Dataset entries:

* * *

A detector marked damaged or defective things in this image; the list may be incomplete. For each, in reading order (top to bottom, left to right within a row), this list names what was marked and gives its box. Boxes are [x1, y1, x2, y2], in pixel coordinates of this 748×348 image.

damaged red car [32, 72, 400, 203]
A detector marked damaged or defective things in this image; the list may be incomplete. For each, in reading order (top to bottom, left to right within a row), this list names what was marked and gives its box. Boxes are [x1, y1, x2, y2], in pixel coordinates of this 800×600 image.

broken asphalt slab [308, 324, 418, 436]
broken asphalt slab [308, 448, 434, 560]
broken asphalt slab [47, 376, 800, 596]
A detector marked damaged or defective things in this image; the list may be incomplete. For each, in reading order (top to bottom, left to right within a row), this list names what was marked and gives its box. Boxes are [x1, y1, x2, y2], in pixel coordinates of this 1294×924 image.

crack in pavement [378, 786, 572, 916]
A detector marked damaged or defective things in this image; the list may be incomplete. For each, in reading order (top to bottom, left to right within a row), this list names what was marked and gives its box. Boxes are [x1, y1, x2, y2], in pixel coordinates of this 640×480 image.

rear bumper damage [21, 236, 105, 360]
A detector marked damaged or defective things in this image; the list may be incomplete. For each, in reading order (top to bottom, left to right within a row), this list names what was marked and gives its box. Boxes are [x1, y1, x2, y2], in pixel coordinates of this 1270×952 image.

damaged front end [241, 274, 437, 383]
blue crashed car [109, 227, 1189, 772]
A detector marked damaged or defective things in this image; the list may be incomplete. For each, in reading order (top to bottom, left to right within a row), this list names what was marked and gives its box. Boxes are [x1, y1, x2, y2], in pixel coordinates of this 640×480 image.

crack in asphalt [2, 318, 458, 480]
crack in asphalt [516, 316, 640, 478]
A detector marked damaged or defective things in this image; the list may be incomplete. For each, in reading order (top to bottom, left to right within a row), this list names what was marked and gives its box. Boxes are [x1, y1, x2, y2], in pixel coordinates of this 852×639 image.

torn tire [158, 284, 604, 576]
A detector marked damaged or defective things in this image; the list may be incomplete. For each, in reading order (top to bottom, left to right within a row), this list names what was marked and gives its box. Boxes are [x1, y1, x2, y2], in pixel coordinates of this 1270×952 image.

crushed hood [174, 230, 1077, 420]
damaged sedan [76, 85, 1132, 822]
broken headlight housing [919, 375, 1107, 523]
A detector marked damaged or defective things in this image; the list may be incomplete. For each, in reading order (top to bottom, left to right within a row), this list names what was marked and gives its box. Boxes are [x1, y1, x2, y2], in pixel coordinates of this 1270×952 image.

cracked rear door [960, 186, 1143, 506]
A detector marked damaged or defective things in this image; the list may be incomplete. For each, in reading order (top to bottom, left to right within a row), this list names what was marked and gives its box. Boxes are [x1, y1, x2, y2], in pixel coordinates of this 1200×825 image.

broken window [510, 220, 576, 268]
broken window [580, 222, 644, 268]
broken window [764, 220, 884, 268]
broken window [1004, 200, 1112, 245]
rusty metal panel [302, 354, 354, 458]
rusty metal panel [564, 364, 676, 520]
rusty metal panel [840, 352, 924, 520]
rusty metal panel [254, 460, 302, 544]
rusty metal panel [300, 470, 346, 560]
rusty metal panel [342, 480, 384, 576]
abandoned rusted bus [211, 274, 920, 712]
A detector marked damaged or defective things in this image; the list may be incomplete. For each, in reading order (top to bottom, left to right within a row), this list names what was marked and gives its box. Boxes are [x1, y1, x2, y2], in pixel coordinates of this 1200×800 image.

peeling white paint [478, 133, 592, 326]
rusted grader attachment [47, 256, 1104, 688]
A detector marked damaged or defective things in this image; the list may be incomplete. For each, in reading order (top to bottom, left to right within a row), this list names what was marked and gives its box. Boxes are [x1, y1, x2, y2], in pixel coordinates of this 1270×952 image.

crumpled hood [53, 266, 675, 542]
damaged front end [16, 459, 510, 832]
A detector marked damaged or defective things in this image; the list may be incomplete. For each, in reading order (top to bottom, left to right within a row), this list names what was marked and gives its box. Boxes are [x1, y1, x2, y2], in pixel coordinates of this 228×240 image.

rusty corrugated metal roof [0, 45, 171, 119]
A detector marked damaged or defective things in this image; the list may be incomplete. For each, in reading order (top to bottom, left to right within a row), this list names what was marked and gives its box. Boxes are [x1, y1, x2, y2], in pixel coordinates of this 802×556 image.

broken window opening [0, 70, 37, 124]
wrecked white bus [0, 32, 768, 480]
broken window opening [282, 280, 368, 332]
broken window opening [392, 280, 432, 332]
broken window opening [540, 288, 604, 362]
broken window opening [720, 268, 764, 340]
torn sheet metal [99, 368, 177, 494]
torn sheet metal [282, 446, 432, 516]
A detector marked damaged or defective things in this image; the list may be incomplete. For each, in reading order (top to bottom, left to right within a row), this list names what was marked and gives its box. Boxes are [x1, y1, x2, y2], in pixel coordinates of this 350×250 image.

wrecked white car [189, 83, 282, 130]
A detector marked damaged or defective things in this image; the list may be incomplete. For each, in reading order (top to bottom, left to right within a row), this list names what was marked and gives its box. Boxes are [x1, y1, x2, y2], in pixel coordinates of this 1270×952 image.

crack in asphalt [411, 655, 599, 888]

* * *

Directions:
Output the line holding "this 802×556 image.", then every later line through the end of the records above, exactly as given and nothing else.

Result of this task:
A detector marked damaged or defective things in this image; the list may be incomplete. For each, in reading order (top to bottom, left to right within a row), this list names what was marked and gives its box. Boxes are [x1, y1, x2, y2], in pixel coordinates of this 802×556 image.

broken window opening [0, 70, 37, 124]
wrecked white bus [0, 32, 768, 480]
broken window opening [282, 280, 368, 332]
broken window opening [392, 280, 432, 332]
broken window opening [540, 288, 604, 362]
broken window opening [720, 268, 764, 340]
torn sheet metal [99, 368, 177, 494]
torn sheet metal [282, 446, 432, 516]
A detector marked damaged or defective things in this image; the list may be incomplete. For each, in reading order (top to bottom, left to right within a row), this list names what was marked and gives its box. Boxes are [x1, y1, x2, y2], in pixel coordinates of this 350×250 image.

wrecked white car [189, 83, 282, 130]
A detector marked damaged or defective things in this image; the list may be incomplete. For each, in reading order (top to bottom, left to right within a row), this list names what was marked and gives its box. Boxes are [x1, y1, x2, y2], in pixel coordinates of this 1270×952 image.

crack in asphalt [411, 655, 599, 888]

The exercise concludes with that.